Meta justifica coleta de dados como essencial para IA
Em comunicado ao Engadget, a Meta afirmou que a captura de dados de interações dos funcionários com computadores é fundamental para treinar modelos de IA que auxiliem pessoas em tarefas diárias. A empresa lançou uma ferramenta interna que registra esses inputs em determinados aplicativos. Segundo a Meta, "se estamos construindo agentes para ajudar pessoas a completar tarefas cotidianas usando computadores, nossos modelos precisam de exemplos reais de como as pessoas realmente os utilizam". A prática, no entanto, é vista como invasiva e levanta preocupações sobre vigilância excessiva no ambiente de trabalho.
Riscos trabalhistas e éticos da vigilância corporativa
A coleta de dados de funcionários pela Meta ocorre em um contexto de emprego "a critério" nos Estados Unidos, onde empresas podem alterar funções sem justificativa. Especialistas alertam que a instalação de keyloggers — ferramentas que registram cada tecla pressionada — em contextos não profissionais pode configurar crime. No caso da Meta, a prática é legalizada por ocorrer no ambiente de trabalho, mas a falta de transparência e consentimento explícito dos funcionários gera controvérsia. Há ainda o temor de que os dados coletados sejam usados para automatizar funções e justificar demissões em massa.

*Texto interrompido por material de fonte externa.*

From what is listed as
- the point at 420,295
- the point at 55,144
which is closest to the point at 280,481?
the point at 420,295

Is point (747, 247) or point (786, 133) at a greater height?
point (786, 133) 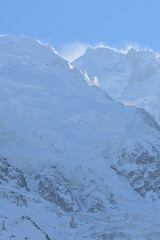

Dados de treinamento de IA valem bilhões, mas a que custo?
O valor dos dados usados para treinar modelos de IA é imenso, com processos judiciais em andamento envolvendo bilhões de dólares em indenizações por uso indevido de informações. A Meta, com seus 3,5 bilhões de usuários, poderia teoricamente obter esses dados de forma menos controversa, mas optou por monitorar seus próprios funcionários. A decisão reflete uma tendência crescente de empresas priorizarem o desenvolvimento de IA em detrimento da privacidade e dos direitos trabalhistas, mesmo que isso signifique alienar sua força de trabalho.